Aunque en repetidas ocasiones se dice que es necesario aprender historia para no repetir los errores del pasado, es obvio que no todos los hechos pretéritos son analizados de la misma manera por los ciudadanos de una nación. Fundamentalmente, la diferencia estriba en si ese suceso acaeció fuera de sus fronteras, como algo aislado que se puede tratar con despreocupación, o si pertenece a la historia menos amable del país, circunstancia que genera pesar, vergüenza e incluso heridas que todavía no han cicatrizado. No es nada atrevido asegurar que, en España, el mejor ejemplo de esto último es la Guerra Civil. Cada vez que salta a la actualidad algo relacionado con el conflicto propiamente dicho o con sus inmediatos antecedentes y consecuencias, las redes sociales y tertulias políticas arden con comentarios sobre ello. Tampoco se libra de ello la cartelera cinematográfica cada vez que se estrena una obra ambientada en la mencionada época.
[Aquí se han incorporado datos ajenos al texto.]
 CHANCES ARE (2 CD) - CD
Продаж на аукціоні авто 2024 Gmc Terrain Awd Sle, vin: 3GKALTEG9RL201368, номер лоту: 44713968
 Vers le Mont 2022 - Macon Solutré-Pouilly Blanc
Por más que podamos pensar que en una guerra solo hay vencedores y vencidos, no buenos y malos, es complicado dirigirse con plena objetividad a un pasaje de la historia como este. Era comprensible, por tanto, que el cineasta Mikel Rueda, ahora de actualidad con el estreno de su película El doble más quince, abriera Estrellas que alcanzar (Izarren argia) con unas escenas directas y cristalinas. Hablamos de la detención y posterior aprisionamiento de un grupo de mujeres y niños, cuyo supuesto delito estribaba entre pensar diferente y estar relacionadas con alguien que pensaba diferente. Ambos colectivos, femenino e infantil, fueron encerrados en la cárcel vizcaína de Saturrarán. Las malas condiciones del lugar, reflejadas en la cruel hambruna que sufrían muchas de las reclusas, pronto viró en algo todavía más escalofriante: la separación de madres e hijos. Estos últimos fueron dados en adopción a familias afines al régimen, un terrible hecho histórico que hoy día sigue en juzgados y prensa bajo el sobrenombre de “caso de los bebés robados”.
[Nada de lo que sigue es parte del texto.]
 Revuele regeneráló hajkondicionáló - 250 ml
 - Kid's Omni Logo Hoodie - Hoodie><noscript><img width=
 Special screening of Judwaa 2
Rueda probablemente creía que, si la historia resultaba horrible en el lenguaje escrito, tenía que ser llevada a la pantalla con semejante intensidad. Como decimos, las escenas iniciales de Estrellas que alcanzar muestran todo lo mencionado en el anterior párrafo de una manera ciertamente explícita, con unas actuaciones poco sutiles tanto por parte del reparto que encarna a las crueles monjas como por aquellas que dan vida a las devastadas madres. Pese a que esta declaración de intenciones provoca que sea difícil desviar la vista de la pantalla, deja una sensación algo maniquea y escasamente original que lastrará todo el desarrollo posterior, por mucho que más tarde se intenten reflejar claroscuros en alguna de sus protagonistas.
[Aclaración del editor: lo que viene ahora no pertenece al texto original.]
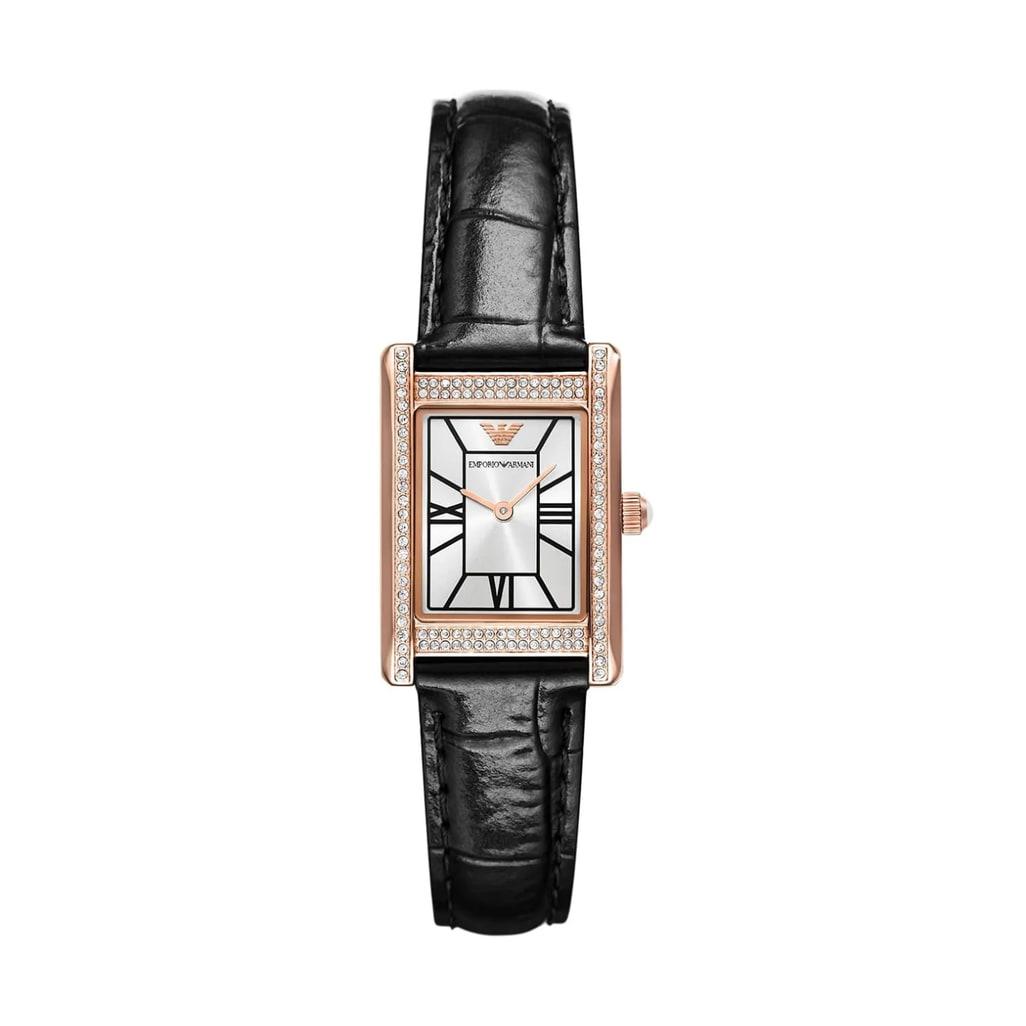 Montre Femme EMPORIO ARMANI Genni AR11624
Estrellas que alcanzar podría funcionar bien como un reflejo de las atrocidades cometidas en nombre de Dios, algo que los libros de historia ya nos habían relatado pero que, por desgracia, hemos seguido contemplando a través de algunos episodios terroristas recientes. El problema al que se enfrenta el film no gira en torno a su fidelidad histórica (aun desconociendo los hechos concretos de esa cárcel, resulta claro que en la Guerra Civil y en otros conflictos se produjeron barbaridades así), ni siquiera su parcialidad (sería incongruente pedir lo contrario), sino el escaso poder que tiene para mantener vivo el relato que nos intenta trasladar, y que se cae irremediablemente conforme avanzan los minutos.